Task details: From top to bottom, write out the listing exactly and skip every picture.

Exercise data:
_ _ _ _ _

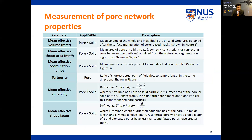The pore parameters investigated in our current study include effective volume, throat area, coordination number, tortuosity, mean effective sphericity, and shape factor.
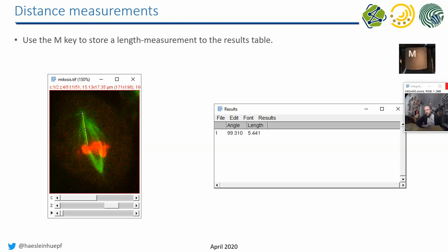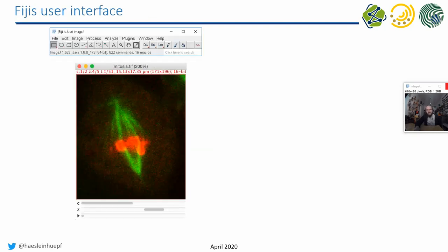You can press the M key on your keyboard to save a measurement into a results table, and it works in many contexts. For example, when you draw a line you get a length measurement; if you draw a circle you can get a mean intensity measurement. That sometimes really helps to get rough measurements quickly.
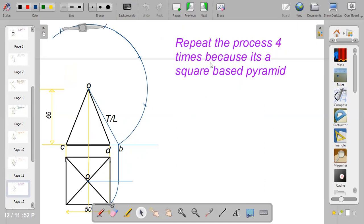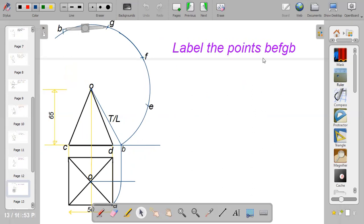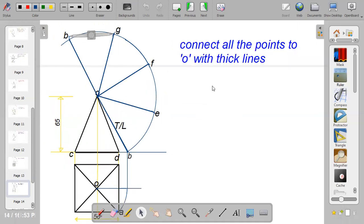Repeat the process four times because it's a square-based pyramid — strike arcs at one, two, three, and four. Then label the points B, E, F, G, B. You start and finish with B because they share the same edge — the point where you start is the point where you end. Now connect all the points to O with thick lines, because the edges of pyramids are thick. Join B to O, E to O, F to O, G to O, and B to O.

_ _ _ _ _

Your solution:
The pore parameters investigated in our current study include effective volume, throat area, coordination number, tortuosity, mean effective sphericity, and shape factor.
You can press the M key on your keyboard to save a measurement into a results table, and it works in many contexts. For example, when you draw a line you get a length measurement; if you draw a circle you can get a mean intensity measurement. That sometimes really helps to get rough measurements quickly.
Repeat the process four times because it's a square-based pyramid — strike arcs at one, two, three, and four. Then label the points B, E, F, G, B. You start and finish with B because they share the same edge — the point where you start is the point where you end. Now connect all the points to O with thick lines, because the edges of pyramids are thick. Join B to O, E to O, F to O, G to O, and B to O.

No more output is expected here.